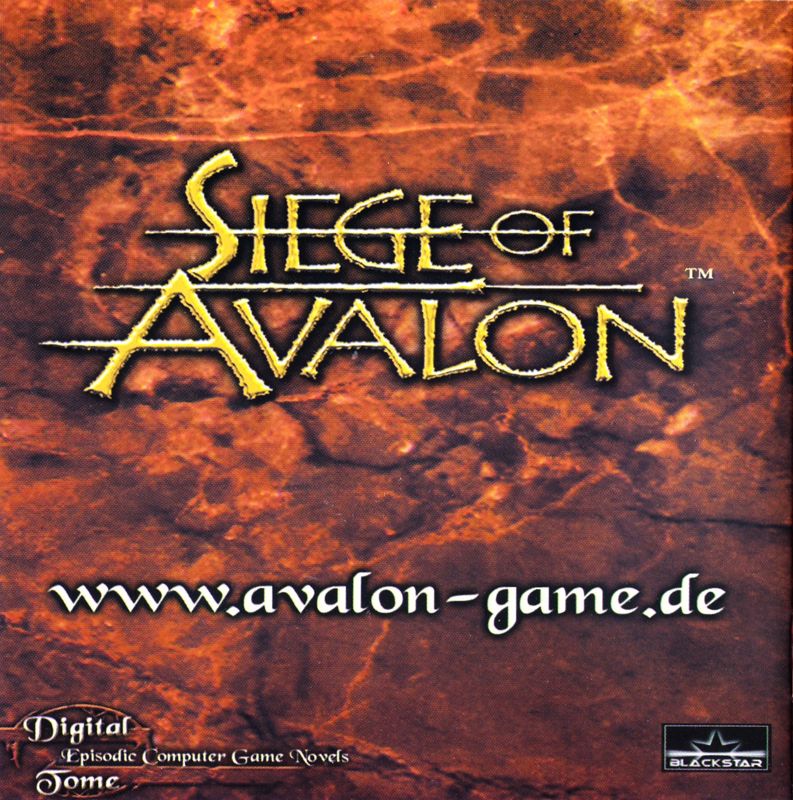 Other for Siege of Avalon (Windows) (Collection of Chapter 1 - 3): Jewel Case - Inside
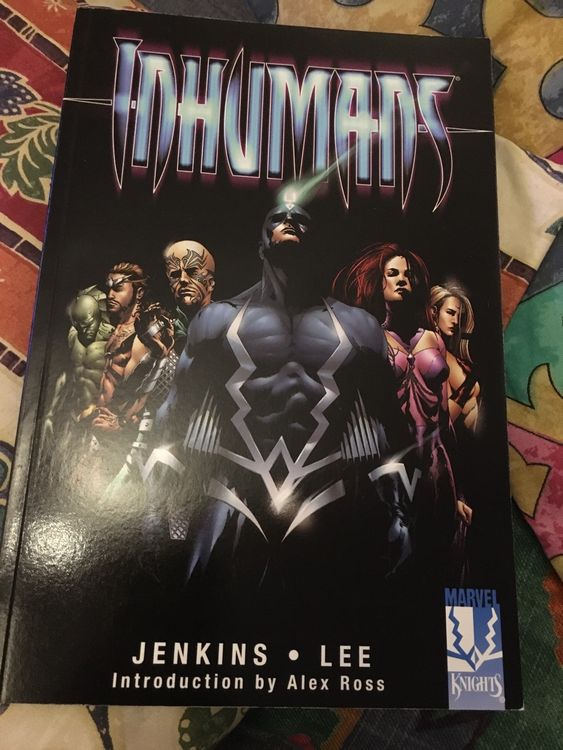 Inhumans by Jenkins and Lee TPB (Gebraucht) in Lausanne für CHF 9 – mit ...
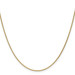 18K Yellow Gold Leslie's 1.15mm Diamond-cut Cable Chain - length: 16 inches - (B18-364) 18K Yellow Gold Leslie's 1.15mm Diamond-cut Cable Chain - length: 16 inches - (B18-364)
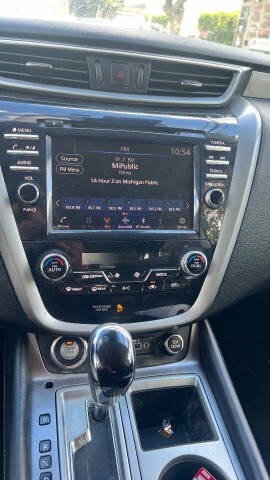 2020 Nissan Murano SV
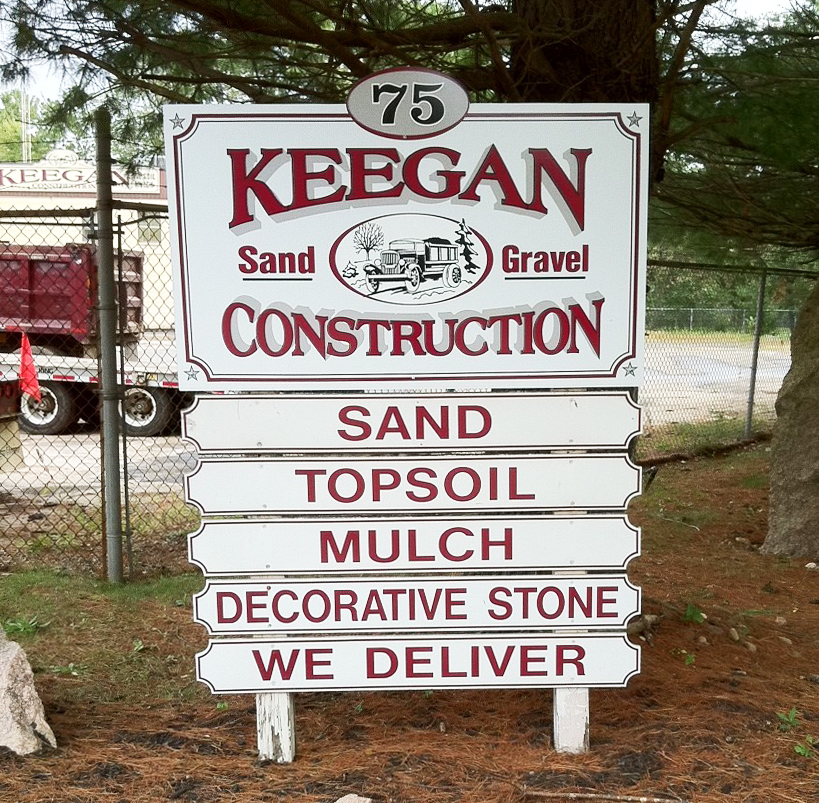 Keegan Signpost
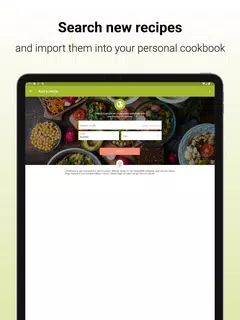 COOKmate: Rezept-Organizer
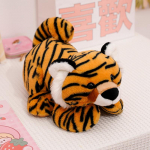 30/35 cm multikas sigade husky ahv tiigerleopardpart Palus m&auml;nguasjad Armsad loomanukud, t&auml;idisega pehme Kawaii m&auml;nguasi lastele beebikingitus 30cm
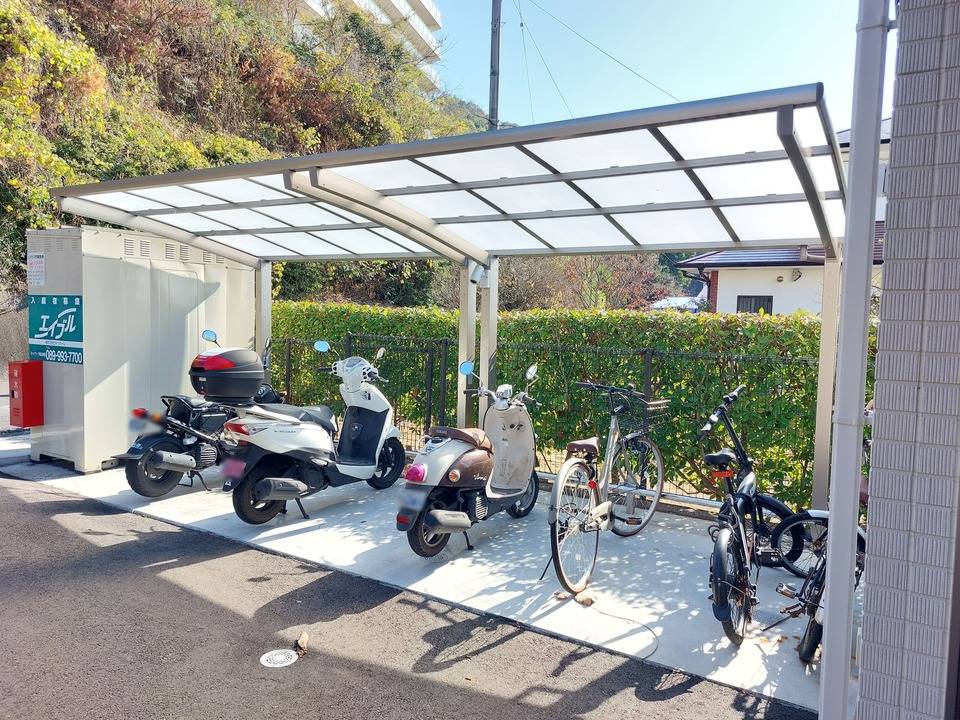 その他共有部分　駐輪場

____________

WHAT YOU WILL DO:
Leaving out all pictures, repeat word for word the lines from the one containing "COOKmate: Rezept-Organizer" through the final line of the material above.

WRITTEN SOLUTION:
 COOKmate: Rezept-Organizer
 30/35 cm multikas sigade husky ahv tiigerleopardpart Palus m&auml;nguasjad Armsad loomanukud, t&auml;idisega pehme Kawaii m&auml;nguasi lastele beebikingitus 30cm
 その他共有部分　駐輪場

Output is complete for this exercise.